Posiblemente se desprendía alguna corriente térmica directamente
desde la superficie del mar. Bill Patchet, el copiloto, se revolvió
inquieto en su asiento. En la época en que estaban era normal que se
desprendieran algunas ascendencias que fácilmente podrían llegar a
sacudir el aparato.
El
ensordecedor ruido de los motores no turbaba a los seis tripulantes,
que estaban entrenados para abstraerse de él y concentrarse en otear
el horizonte.
Ogilvie
se dejó llevar por su intuición, y supuso que si el comandante
Maybury tenía razón y aquel sumergible tenía su base en Toulon,
él debía bordear la costa española en su busca. A estribor de la
aeronave se divisaron las islas de Ibiza y,
más a su derecha, Mallorca.
—¡Allí,
allí, contacto visual a las once! —gritó el artillero—. Es un
sumergible en superficie, y se desplaza a gran velocidad.
El
Hudson se encaró en picado hacia el objetivo, mientras los motores
aceleraban, produciendo rabiosos zumbidos. El bombardero lanzó dos
cohetes sobre el sumergible, que quedaron cortos. Tras la primera
pasada, volvió a encararse al objetivo, mientras recibía fuego
antiaéreo desde el U-Boot.
—¡No
se pueden hundir! —gritó Patchet—. ¡Deben tener alguna vía de
agua en el casco!.
El
fuego antiaéreo desvió al avión de su objetivo, mientras Ogilvie
preparaba una segunda pasada. Esta vez el segundo cohete cayó a
varios metros del submarino, pero con el primer cohete se había
confirmado un impacto en la parte de popa, a estribor. En la cubierta
del U-Boot, la dotación de los cañones antiaéreos seguía
disparando.
Tras
unos momentos de lucha encarnizada el sumergible comenzó a mostrar
una columna de humo.
Eran
las 13:53 cuando el torpedo golpeó directamente al U-755. El
impacto en la parte de babor abolló varias porciones de las planchas
de acero del casco, entre el mamparo de los depósitos diésel.

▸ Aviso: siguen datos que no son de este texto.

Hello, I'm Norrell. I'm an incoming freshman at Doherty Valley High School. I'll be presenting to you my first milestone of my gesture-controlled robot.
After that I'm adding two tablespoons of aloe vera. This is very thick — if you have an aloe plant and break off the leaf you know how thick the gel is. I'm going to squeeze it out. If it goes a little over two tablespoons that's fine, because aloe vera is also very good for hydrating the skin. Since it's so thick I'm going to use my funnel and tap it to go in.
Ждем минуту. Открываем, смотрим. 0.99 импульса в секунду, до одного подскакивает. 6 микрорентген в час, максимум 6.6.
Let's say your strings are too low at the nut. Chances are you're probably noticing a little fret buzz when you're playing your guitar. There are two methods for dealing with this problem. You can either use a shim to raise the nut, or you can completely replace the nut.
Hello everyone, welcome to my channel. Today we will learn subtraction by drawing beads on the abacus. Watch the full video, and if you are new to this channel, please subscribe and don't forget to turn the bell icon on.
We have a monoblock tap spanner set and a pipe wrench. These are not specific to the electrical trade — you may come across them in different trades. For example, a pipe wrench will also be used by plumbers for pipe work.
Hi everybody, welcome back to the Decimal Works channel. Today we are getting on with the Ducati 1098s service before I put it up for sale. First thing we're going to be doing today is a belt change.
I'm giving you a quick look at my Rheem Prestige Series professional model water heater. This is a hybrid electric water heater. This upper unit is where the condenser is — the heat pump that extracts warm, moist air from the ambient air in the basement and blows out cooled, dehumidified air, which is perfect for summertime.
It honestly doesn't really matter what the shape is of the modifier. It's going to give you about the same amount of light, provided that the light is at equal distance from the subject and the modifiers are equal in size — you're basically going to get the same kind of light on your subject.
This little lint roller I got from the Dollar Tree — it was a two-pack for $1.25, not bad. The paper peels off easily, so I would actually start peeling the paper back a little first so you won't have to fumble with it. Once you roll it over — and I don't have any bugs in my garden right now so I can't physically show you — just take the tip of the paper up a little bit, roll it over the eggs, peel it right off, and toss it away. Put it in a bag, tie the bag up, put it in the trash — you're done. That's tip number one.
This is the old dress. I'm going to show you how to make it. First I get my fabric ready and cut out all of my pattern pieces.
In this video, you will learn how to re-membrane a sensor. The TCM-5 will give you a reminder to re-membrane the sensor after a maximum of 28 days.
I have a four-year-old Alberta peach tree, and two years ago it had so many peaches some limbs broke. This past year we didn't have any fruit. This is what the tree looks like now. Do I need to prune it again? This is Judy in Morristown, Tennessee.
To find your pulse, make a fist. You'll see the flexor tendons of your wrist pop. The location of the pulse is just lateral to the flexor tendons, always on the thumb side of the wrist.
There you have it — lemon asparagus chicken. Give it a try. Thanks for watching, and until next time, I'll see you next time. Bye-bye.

Aquello provocó que comenzaran a inundarse varios compartimentos
estancos con vertiginosa rapidez.
El
marinero Gerard Pröhl yacía muerto en el suelo. El torpedo había
causado una avería en los engranajes de acoplamiento y los
colectores de los diésel, haciendo que el U-Boot fuera
ingobernable.
Los mecánicos, con el agua hasta la cintura y en una frenética
carrera contra el tiempo, fueron incapaces de arreglar el daño.
Entonces comenzó el incendio. El fueloil comenzó a arder mientras
el marinero Georg Dimper y el cabo 1º Günter Semmler intentaban
hacerle frente con los extintores. Las bombas de drenaje no podían
contener la entrada de agua. A partir de aquel momento la suerte
estaba echada.
Göing
ordenó detener los diésel y arrancar los motores eléctricos. El
telégrafo de la sala de mando envió la orden pero el mensaje no
llegó a máquinas. En aquel momento, Göing dio la orden, y toda la
tripulación comenzó a abandonar la nave.
Hubert
vio como un espeso humo negro con ocasionales llamaradas anaranjadas
salía de la sala de máquinas. Sasse no necesitó que nadie le diera
la orden. Accionó el emisor FuMO 61 y comenzó a enviar
repetidamente el mensaje de SOS a través del pulsador morse. Una
gran ola se adueñó de la parte trasera del buque avanzando hacia la
parte central con una velocidad endiablada, arrastrando todo tipo de
objetos con ella, mantas, cajas de alimentos, o cualquier otra cosa
que encontraba en su camino.
En
el armario sobre la litera de Hubert, con cada golpe de mar, la
pequeña peonza giraba sobre sí misma, golpeando contra la pared.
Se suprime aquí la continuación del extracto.